I am reminded of the Python (Monty) parable of the flying sheep: . there is no hope of success, but they don't get rid of Harold (the ringleader) because of the "enormous commercial possibilities should he succeed".

Yes, I was referring to pessimism about things like resource shortages. Specific ventures and experiments often fail.

No known solutions can solve our hardest problems—that’s why they’re the hardest ones.

I like the energy, but I have to register a note of dissent here.

Quite a few of our hardest problems do have known solutions - it's just that those known solutions are, or appear, too hard to implement.

  • Brute force algorithms exist for almost everything we care about, up to and including AGI.
  • Overweight individuals know that if they eat less, they will eventually lose weight; it's just often frustratingly beyond them, for one reason or another. Same with alcoholics and drink.
  • Collective action problems have been studied in economics for decades, and by this point a lot of them have clever approaches we could use to at least partway ameliorate them.

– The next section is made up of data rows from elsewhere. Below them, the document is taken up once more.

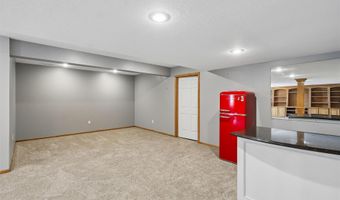 3105 NE Huntington Ln, Ankeny, IA 50021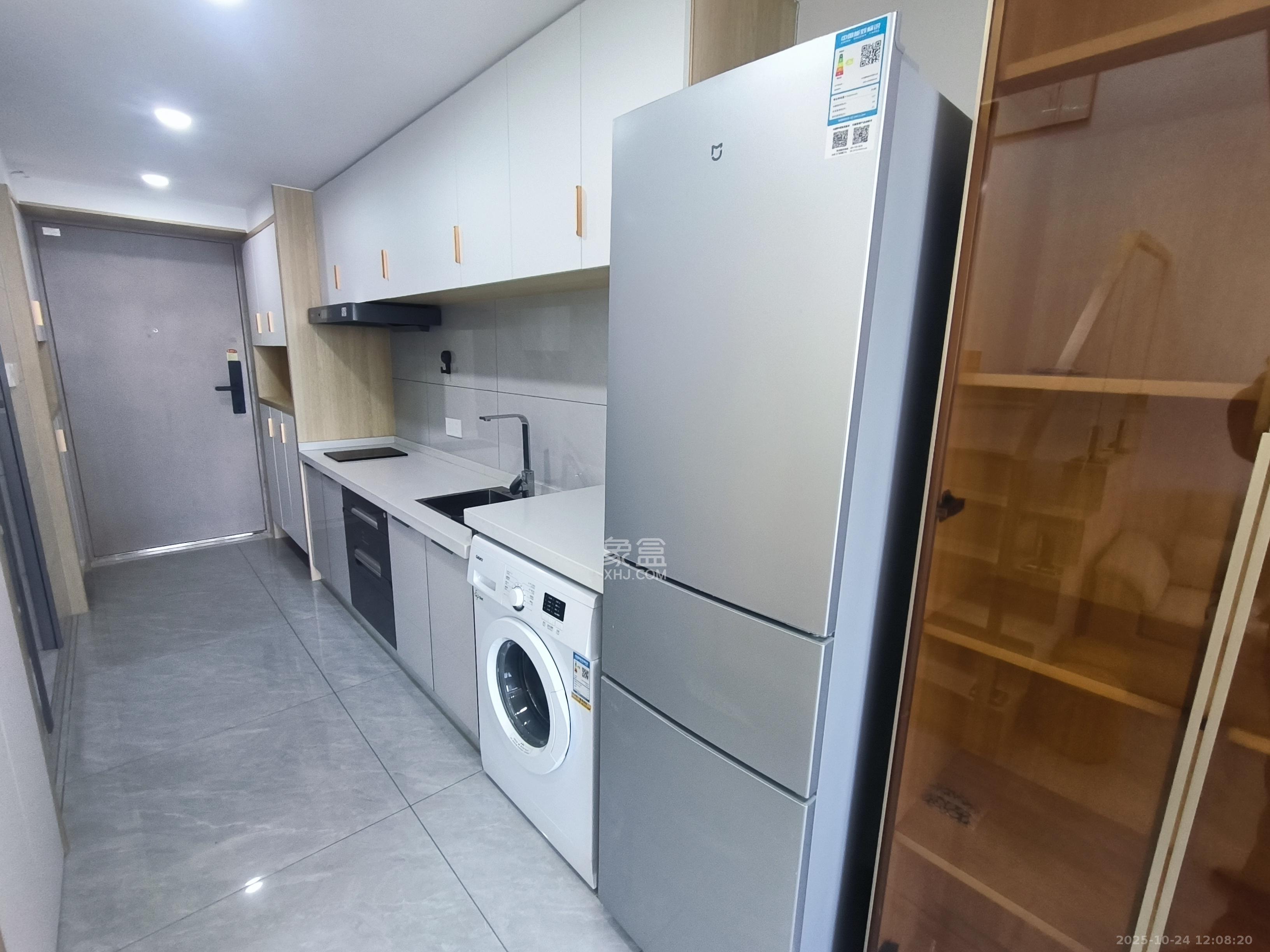 保利中环广场(保利中悦苑)  2室1厅1卫    2400.0元/月 保利中环广场(保利中悦苑)  2室1厅1卫    2400.0元/月室内图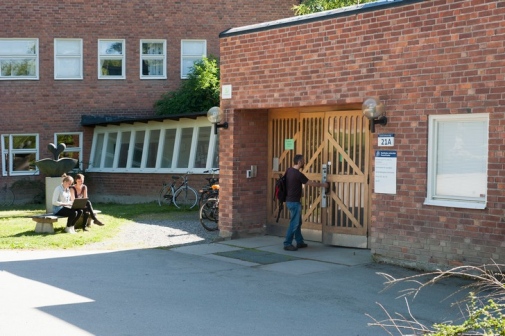 Entrén till Barn- och ungdomsvetenskapliga institutionen, Frescatibackehusen, Stockholms universitet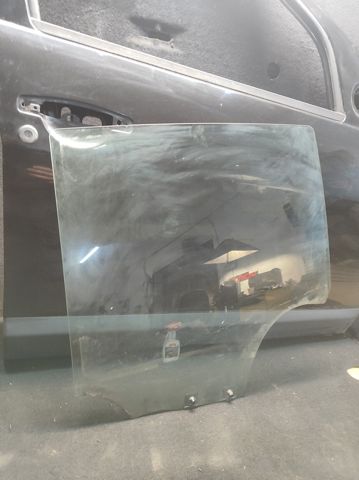 RENAULT 8200733041 Стекло двери задней левой в наличии Ровно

'Appear' is important here. Ken Thompson's advice to "when in doubt use brute force" is very good advice because so much resistance can and will crumble to sustained effort. But this requires a somewhat different kind of optimism to the optimism I think you're describing of inventing a fundamentally new solution - it's the optimism to get back up after you fall down and run straight at the wall again until it does.

It's not really a solution if it can't be implemented: if it doesn't work, or is unaffordable, or otherwise isn't practical.

Building on this, there's also the evolutionary element. Humans continued evolving after civilization, even if the timeframes were too short for much mutation to occur. During early civilizations, and probably most civilizations before the industrial revolution, pessimistic outlooks were extremely common in the real world. As a result, both instinctive and learned pessimism would give an individual more surviving offspring within any given civilization.


Just bouncing something of a reaction to the idea that pessimism sounds smart(er than optimism).

I always hear that humans are, generally, risk-averse. That can be a "smart" strategy, perhaps from some evolutionary imperatives. So we're naturally incline to over-weight possible harms while under-weighting the possible benefits.

But, in that setup pessimism sounds smart because we want to believe we have more to fear on the downside so is perhaps a form of confirmation bias at work.


Why is this style of pessimism repeatedly wrong?

Beware selection bias. If it wasn't repeatedly wrong, there's a good chance we wouldn't be here to ask the question!

The opposite view is that progress is a matter of luck.

Hm. I tend to not view the pessimistic side as luck so much as 'there's a finite number of useful techs, which we are rapidly burning through'.


Extreme, apocalyptic pessimism has an equal and opposite need to persuade people that they are going to be killed by a novel threat, or by something known that has never killed everybody before.